AVAILABLE DATA:
★ ★ ★ ★ ★
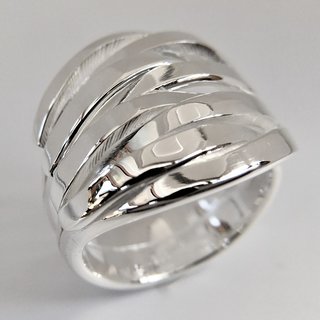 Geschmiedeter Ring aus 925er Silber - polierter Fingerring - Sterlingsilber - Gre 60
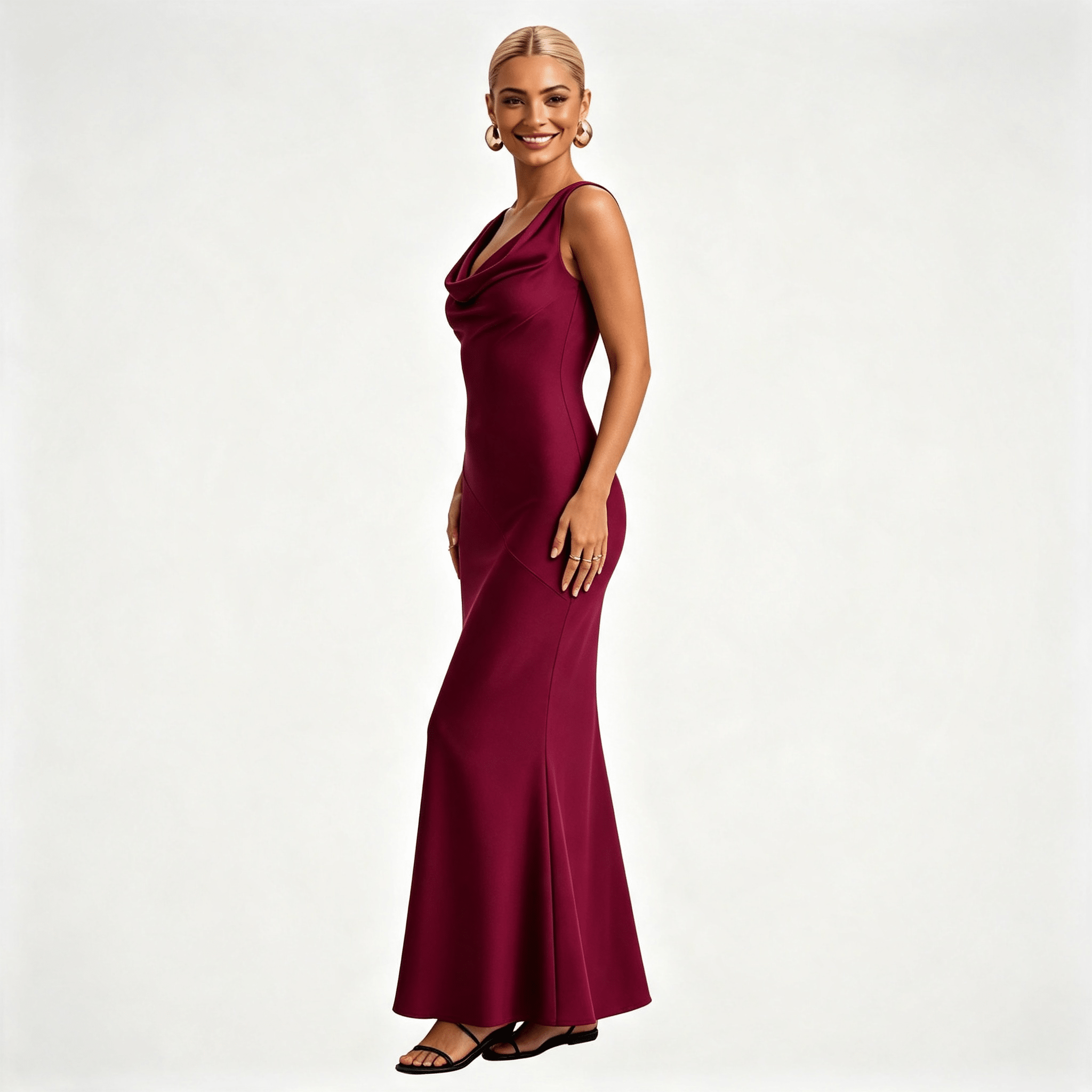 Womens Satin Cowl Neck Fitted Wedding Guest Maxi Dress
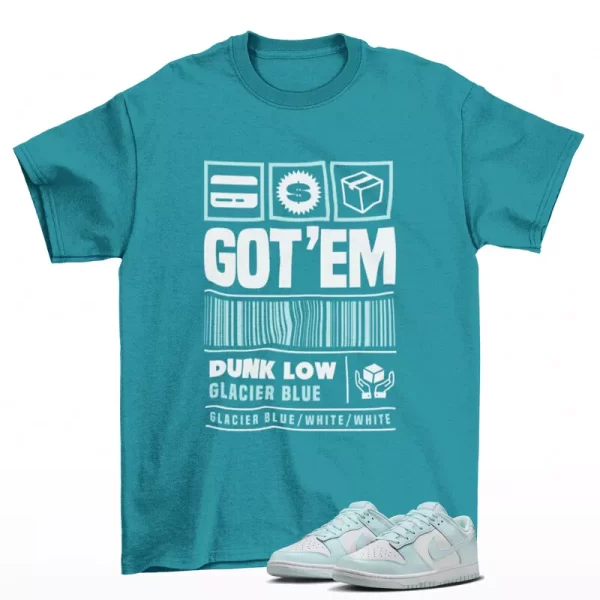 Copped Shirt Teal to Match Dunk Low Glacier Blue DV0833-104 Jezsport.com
★ ★ ★ ★ ★
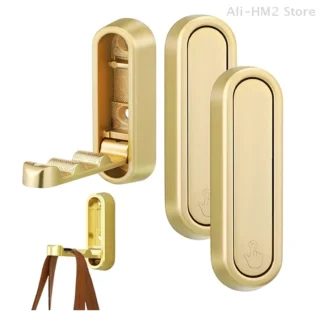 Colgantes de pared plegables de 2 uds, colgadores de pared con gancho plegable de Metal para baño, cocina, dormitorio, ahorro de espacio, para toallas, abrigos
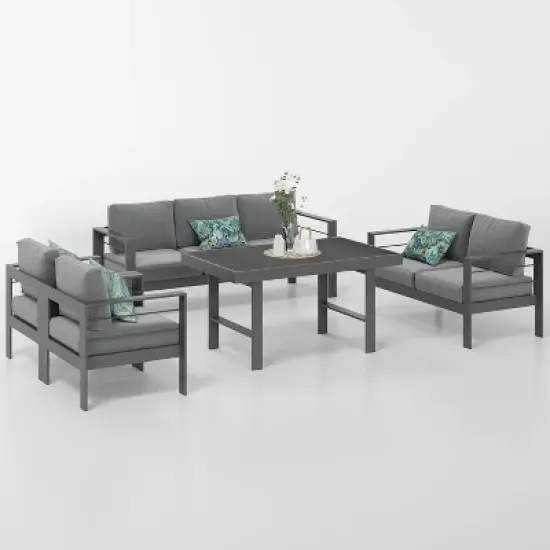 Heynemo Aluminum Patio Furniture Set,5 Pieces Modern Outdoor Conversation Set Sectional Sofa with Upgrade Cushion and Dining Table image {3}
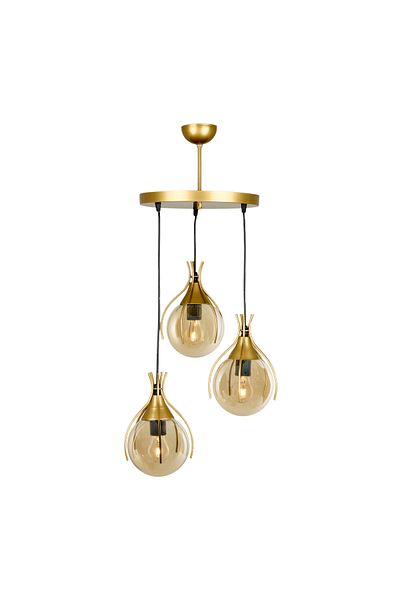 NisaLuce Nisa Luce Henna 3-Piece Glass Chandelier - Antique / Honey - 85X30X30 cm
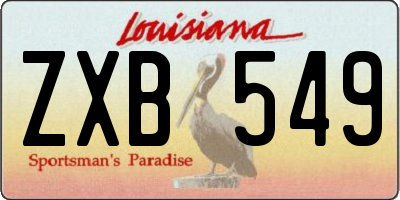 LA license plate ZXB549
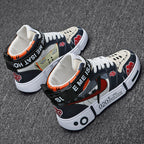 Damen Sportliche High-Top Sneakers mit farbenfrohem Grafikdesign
★ ★ ★ ★ ★
What you return from the records above should be exactly everything from the line with "Heynemo Aluminum Patio" down to the line with "Damen Sportliche High-Top", both kept, and no pictures.

 Heynemo Aluminum Patio Furniture Set,5 Pieces Modern Outdoor Conversation Set Sectional Sofa with Upgrade Cushion and Dining Table image {3}
 NisaLuce Nisa Luce Henna 3-Piece Glass Chandelier - Antique / Honey - 85X30X30 cm
 LA license plate ZXB549
 Damen Sportliche High-Top Sneakers mit farbenfrohem Grafikdesign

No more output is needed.